The FASTCLUS Procedure

Using PROC FASTCLUS

Before using PROC FASTCLUS, decide whether your variables should be standardized in some way, since variables with large variances tend to have more effect on the resulting clusters than those with small variances. If all variables are measured in the same units, standardization might not be necessary. Otherwise, some form of standardization is strongly recommended. The STDIZE procedure provides a variety of standardization methods, including robust scale estimators (for detailed information, see Chapter 87: The STDIZE Procedure,).

The FACTOR or PRINCOMP procedure can compute standardized principal component scores. The ACECLUS procedure can transform the variables according to an estimated within-cluster covariance matrix.

Nonlinear transformations of the variables can change the number of population clusters and should therefore be approached with caution. For most applications, the variables should be transformed so that equal differences are of equal practical importance. An interval scale of measurement is required. Ordinal or ranked data are generally not appropriate.

PROC FASTCLUS produces relatively little output. In most cases you should create an output data set and use another procedure such as PRINT, SGPLOT, MEANS, DISCRIM, or CANDISC to study the clusters. It is usually desirable to try several values of the MAXCLUSTERS= option. Macros are useful for running PROC FASTCLUS repeatedly with other procedures.

A simple application of PROC FASTCLUS with two variables to examine the 2- and 3-cluster solutions can proceed as follows:

proc stdize method=std out=stan;
   var v1 v2;
run;

proc fastclus data=stan out=clust maxclusters=2;
   var v1 v2;
run;

proc sgplot;
   scatter y=v2 x=v1 / markerchar=cluster;
run;

proc fastclus data=stan out=clust maxclusters=3;
   var v1 v2;
run;

proc sgplot;
   scatter y=v2 x=v1 / markerchar=cluster;
run;

If you have more than two variables, you can use the CANDISC procedure to compute canonical variables for plotting the clusters. For example:

proc stdize method=std out=stan;
   var v1-v10;
run;

proc fastclus data=stan out=clust maxclusters=3;
   var v1-v10;
run;

proc candisc out=can;
   var v1-v10;
   class cluster;
run;

proc sgplot;
   scatter y=can2 x=can1 / markerchar=cluster;
run;

If the data set is not too large, it might also be helpful to use the following to list the clusters:

proc sort;
   by cluster distance;
run;

proc print;
   by cluster;
run;

By examining the values of DISTANCE, you can determine if any observations are unusually far from their cluster seeds.

It is often advisable, especially if the data set is large or contains outliers, to make a preliminary PROC FASTCLUS run with a large number of clusters, perhaps 20 to 100. Use MAXITER=0 and OUTSEED=SAS-data-set. You can save time on subsequent runs if you select cluster seeds from this output data set by using the SEED= option.

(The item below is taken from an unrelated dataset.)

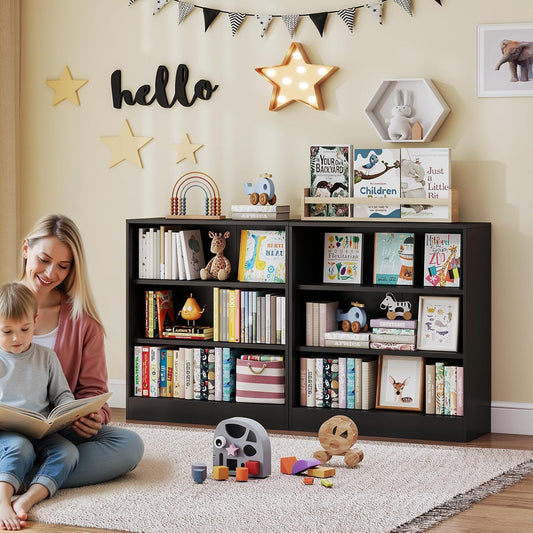 3-Tier Metal Open Shelf Bookcase, Bookcase with Adjustable Shelves, Floor Standing Book Shelf, Freestanding Display Storage Shelves, Curio Cabint Display Case for Small Places/Living Room/Corner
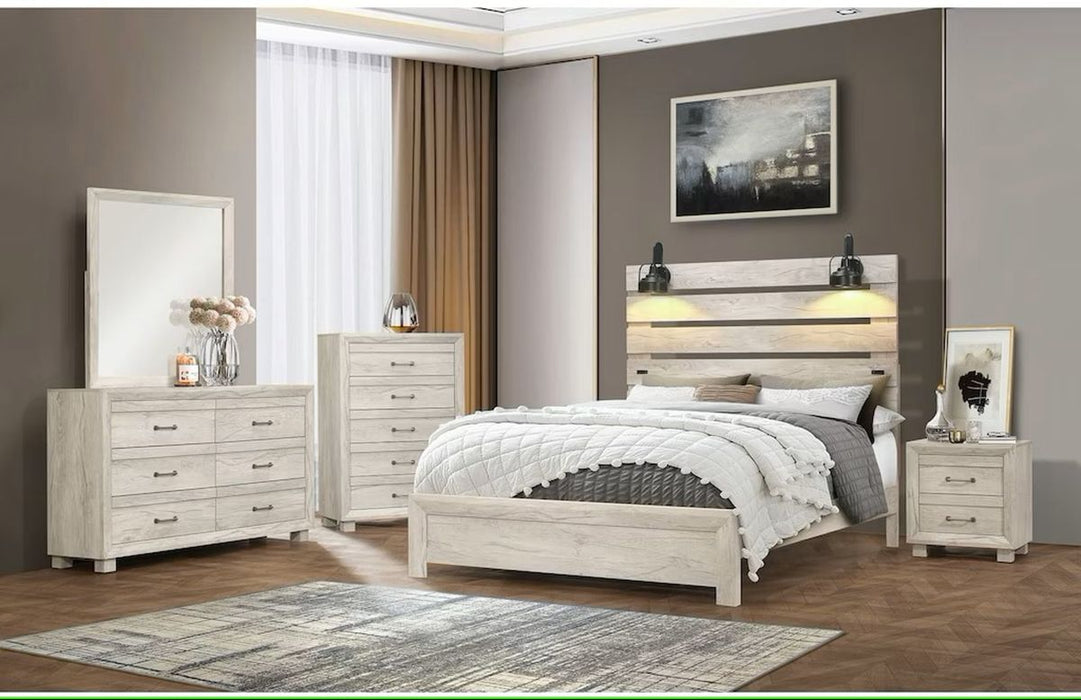 Elements International Fort Worth Queen Panel Bed in White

You should check the preliminary clusters for outliers, which often appear as clusters with only one member. Use a DATA step to delete outliers from the data set created by the OUTSEED= option before using it as a SEED= data set in later runs. If there are severe outliers, you should specify the STRICT option in the subsequent PROC FASTCLUS runs to prevent the outliers from distorting the clusters.

You can use the OUTSEED= data set with the SGPLOT procedure to plot _GAP_ by _FREQ_. An overlay of _RADIUS_ by _FREQ_ provides a baseline against which to compare the values of _GAP_. Outliers appear in the upper-left area of the plot, with large _GAP_ values and small _FREQ_ values. Good clusters appear in the upper-right area, with large values of both _GAP_ and _FREQ_. Good potential cluster seeds appear in the lower right, as well as in the upper-right, since large _FREQ_ values indicate high-density regions. Small _FREQ_ values in the left part of the plot indicate poor cluster seeds because the points are in low-density regions. It often helps to remove all clusters with small frequencies even though the clusters might not be remote enough to be considered outliers. Removing points in low-density regions improves cluster separation and provides visually sharper cluster outlines in scatter plots.